Ponad 1200 limuzyn i 140 prywatnych samolotów - takie luksusy udostępniono uczestnikom rozpoczętego szczytu klimatycznego ONZ w Kopenhadze. - Konferencja jest depozytariuszką nadziei dla ludzkości - tymi słowami do delegatów zwrócił się premier Danii Lars Lokke Rasmussen.
Konferencja rozpoczęła się z 40-minutowym opóźnieniem. Zanim do głosu doszli delegaci, odbył się pokaz filmu, który przedstawia konsekwencje ocieplenia klimatu.
Konferencja to nasza szansa. Jeśli ją stracimy, może minąć kilka lat, zanim otrzymamy następną, lepszą - jeśli kiedykolwiek ją otrzymamy Connie Hedgegaard
- Porozumienie jest w naszym zasięgu - mówił szef duńskiego rządu Lars Lokke Rasmussen. - Konferencja to nasza szansa. Jeśli ją stracimy, może minąć kilka lat, zanim otrzymamy następną, lepszą - jeśli kiedykolwiek ją otrzymamy - dodała ze swojej strony przewodnicząca spotkania Connie Hedegaard.
Z kolei szef ONZ-owskiego Międzyrządowego Panelu ds. Zmian Klimatycznych Rajendra Kumar Pachauri odniósł się do kwestii przechwyconych w Anglii przez hakerów maili, którą prasa nazwała "Climatgate". Jak ocenił, cała sprawa to próba zdyskredytowania naukowców.
Gwiazdy mile widziane
Szacuje się, że w szczycie weźmie udział 15 tys. delegatów, 5 tys. dziennikarzy i 98 przywódców z całego świata.
Ale w Kopenhadze pojawią się nie tylko ludzie związani z polityką. Jak pisze dziennik "Daily Telegraph" do duńskiej stolicy przyjadą prawdopodobnie Leonardo DiCaprio, Daryl Hannah, Helena Christensen.
Luksusy dla delegatów
Oprócz ciężkiej pracy, na delegatów czekają spore luksusy. Na przykład - limuzyny.
- Każdego normalnego dnia po ulicach duńskiej stolicy jeździ 12 limuzyn z mojej firmy. Teraz, podczas szczytu będzie ich 200 - mówi Majken Friss Jorgensen, który zarządza największą firma wynajmującą limuzyny w Kopenhadze. Ale to tylko jedna firma. Jak ocenił Jorgernsen, w sumie na ulice Kopenhagi może wyjechać nawet 1200 limuzyn.
Z kolei władze lotnisk oczekują, że podczas konferencji w Kopenhadze wyląduje 140 prywatnych samolotów.
Skromniejsze plany
Przedstawiciele blisko stu państw będą starali się dojść do porozumienia w sprawie redukcji emisji gazów cieplarnianych do atmosfery po 2012 roku. ONZ wierzy w sukces szczytu, ale sceptycy wskazują, że Stany Zjednoczone przyjadą do Kopenhagi ze znacznie skromniejszymi planami redukcji emisji niż wcześniej zakładano.

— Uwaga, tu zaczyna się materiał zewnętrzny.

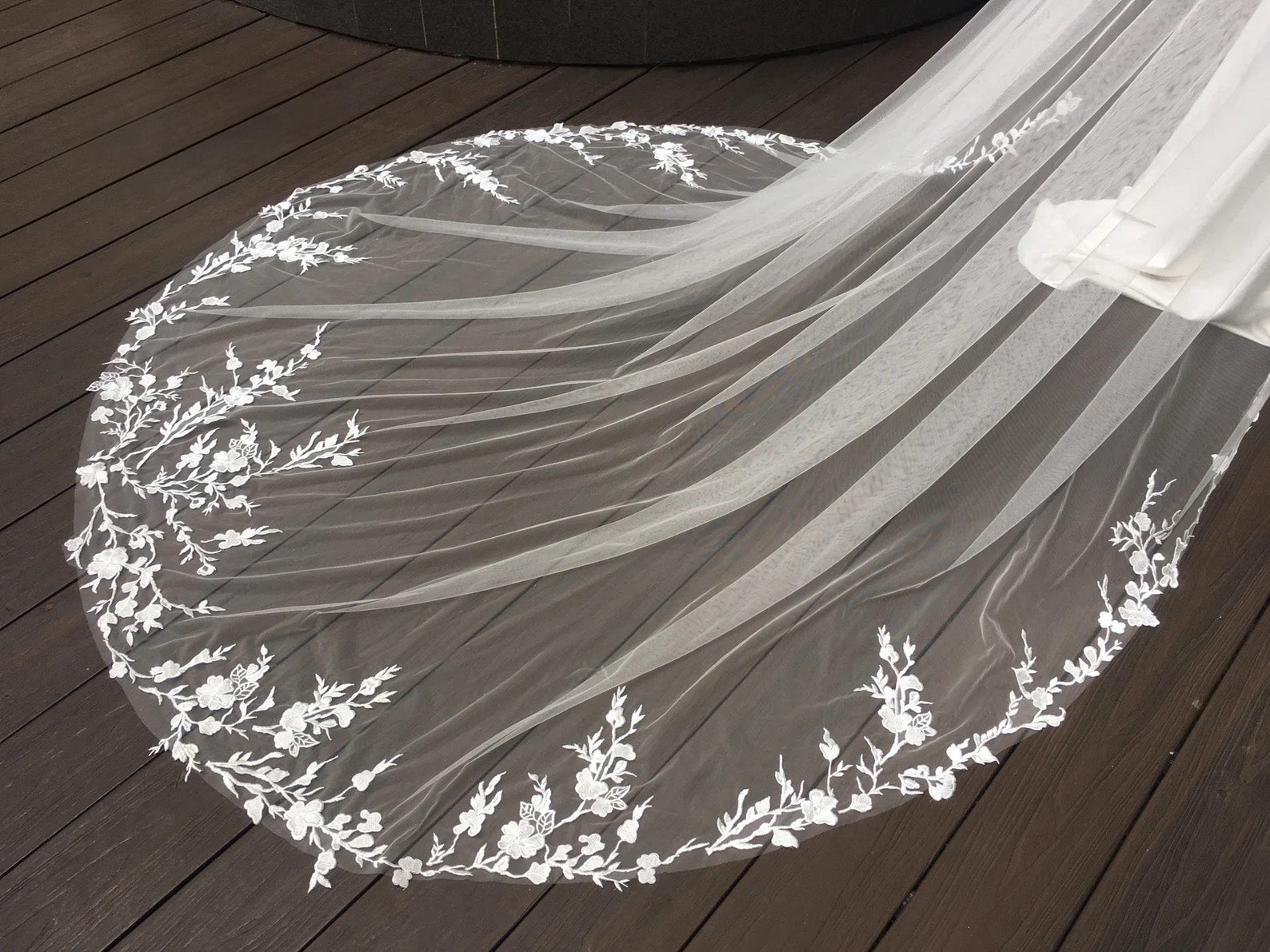 LEANNE | Floral lace veil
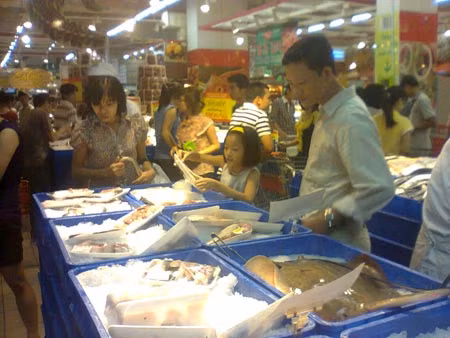Dịp nghỉ lễ, siêu thị và khu vui chơi, mua sắm ở Trung tâm thương mại luôn đông khách.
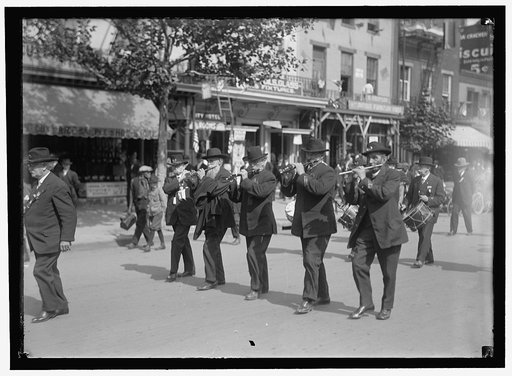 GRAND ARMY OF THE REPUBLIC. PARADE AT 1915 ENCAMPMENT. MICHIGAN DRUM CORPS: AT LEFT, GEORGE D. HUMPHREY, DEPARTMENTAL COMMANDER OF NEBRASKA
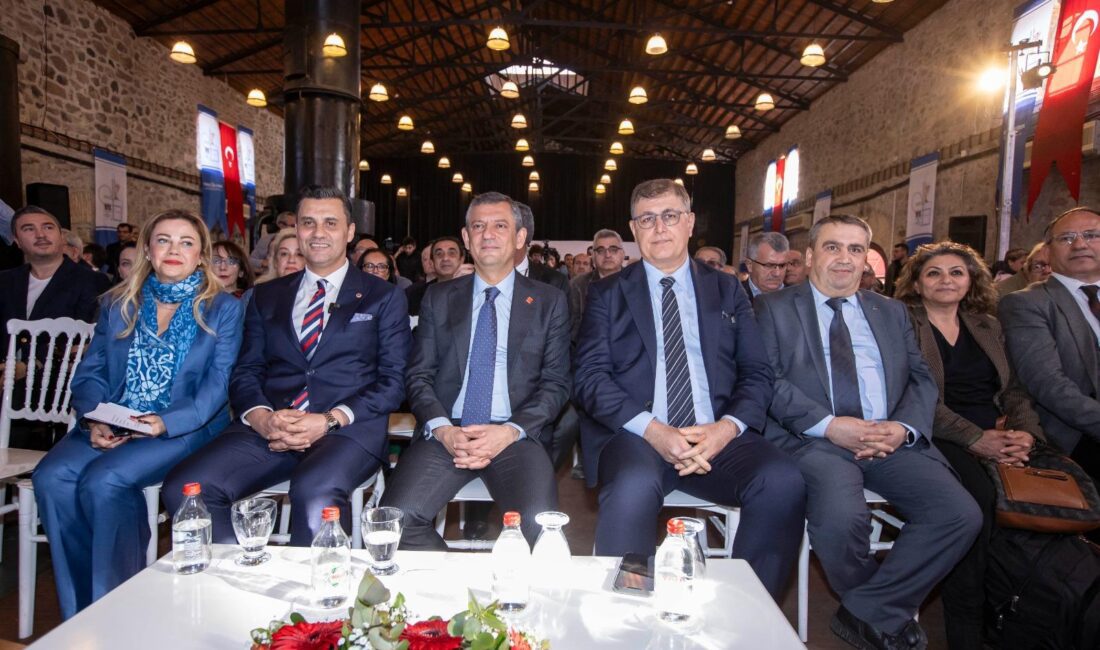 Cumhuriyet Halk Partisi (CHP) Genel Başkanı Özgür Özel, Ege Belediyeler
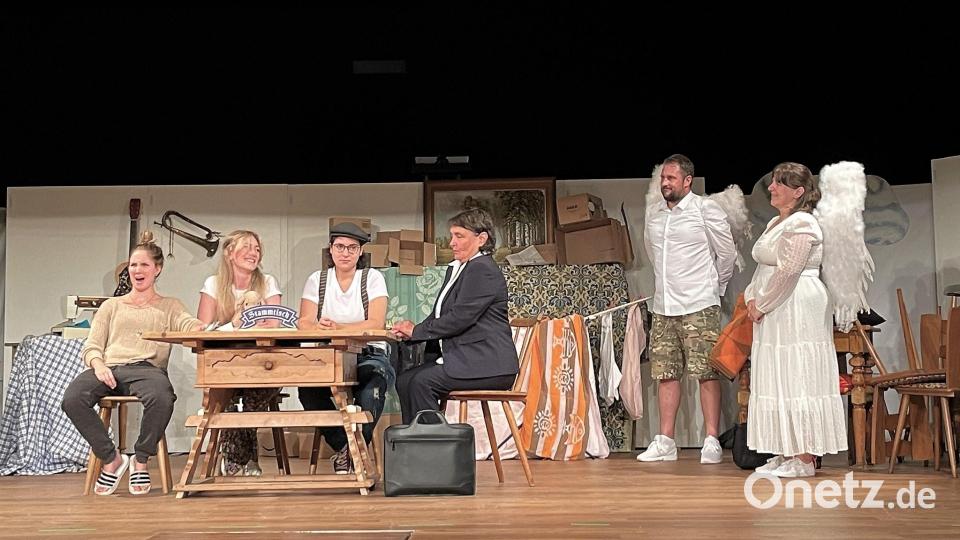 Von der Notarin (Barbara Ströll-Seegerer, ganz rechts am Tisch) erfahren die Huber-Schwestern (v.l.n.r. Milena Felkl, Lisa Kreuz und Alexandra Fenk), was sie nach dem überraschenden Unfalltod ihrer Eltern (Tobias Meidinger und Melanie Kussinger, rechts als Engel) geerbt haben. Bild: Susanne Schwab
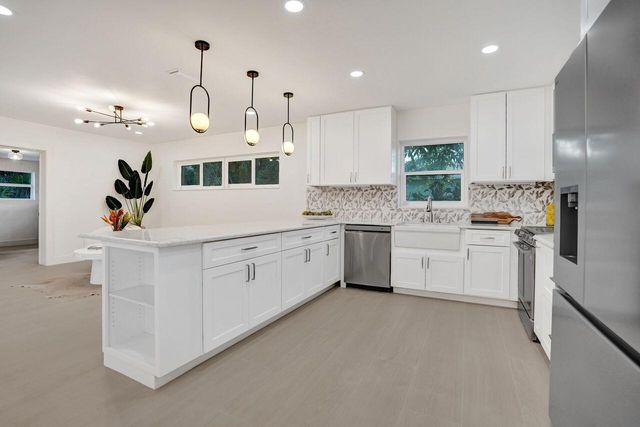 200 NW 2nd Street, Delray Beach, FL 33444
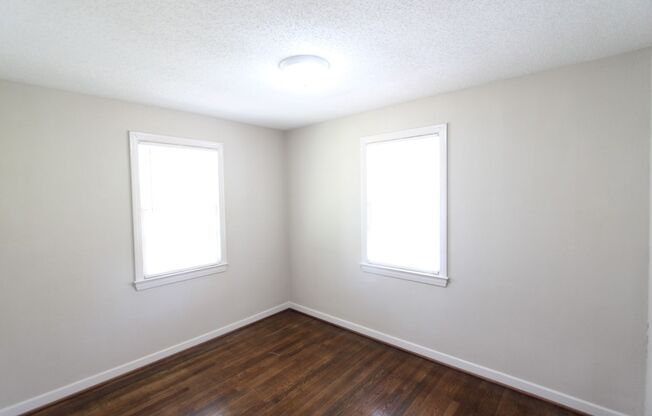 3 BR 1BA - Cute and Classic Charmer!!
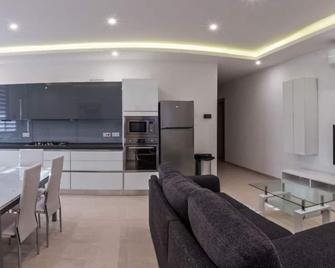 Ocean Gardens B3 - Naxxar - Kitchen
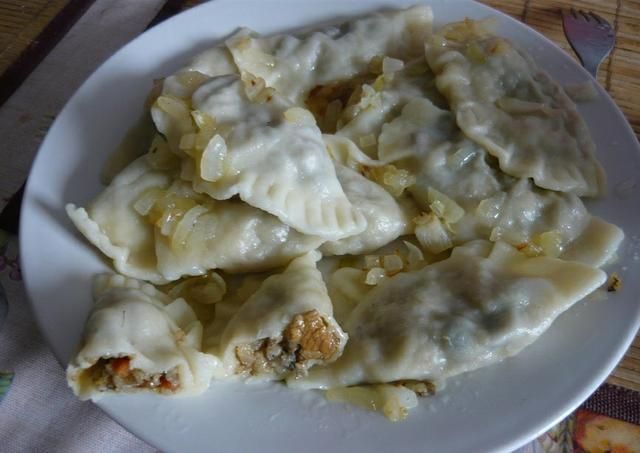 Pierogi z grzybami i kaszą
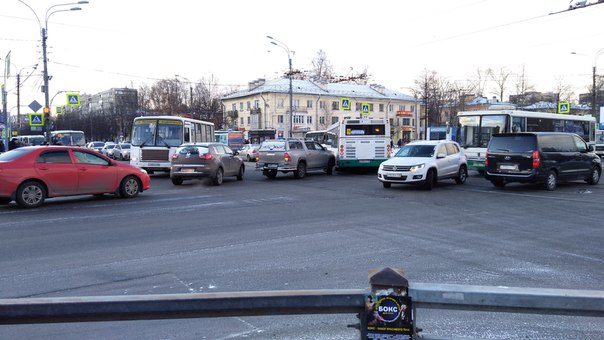 Подбили автобус на м.Академическая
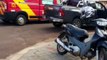 Caminhonete e motocicleta se envolvem em colisão no cruzamento entre as Ruas Manaus e Marechal Deodoro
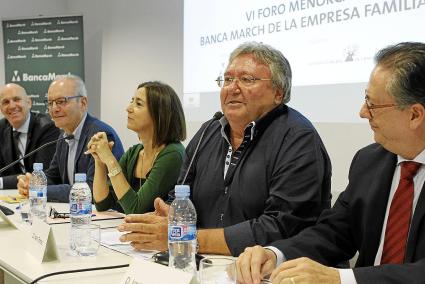 Vicente Jábega, de Banca March; Biel Pons, Lina Mascaró y Joan Torres, ponentes; y Josep Pons Fraga, moderador del Foro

Niechętne redukcji są też kraje rozwijające się, a wśród nich Polska. Jednym z powodów są wysokie koszty. W latach 2010-2012 roczne nakłady na redukcję emisji gazów cieplarnianych szacuje się na trzydzieści miliardów euro.
Optymistyczny nastrój
- Zgoda co do podstaw prawnych traktatu klimatycznego "jest w zasięgu ręki" - uważa tymczasem sekretarz generalny ONZ Ban Ki Mun.
Optymizm Ki Muna na pewno zwiększają zapowiadani goście szczytu, a wśród ponad stu przywódców państw, Barack Obama czy Angela Merkel.
Polskę reprezentować będzie minister środowiska Maciej Nowicki, który swoim wystąpieniem zainauguruje cały szczyt (zaś we wtorek ma podać się do dymisji). Na szczycie pojawi się Donald Tusk.
O co walczymy?
Celem szczytu w Kopenhadze jest podpisanie nowego traktatu klimatycznego. Protokół z Kyoto z 1997 roku wygasa bowiem w 2012 roku. Na jego mocy kraje uprzemysłowione zobligowały się do zmniejszenia emisji gazów cieplarnianych.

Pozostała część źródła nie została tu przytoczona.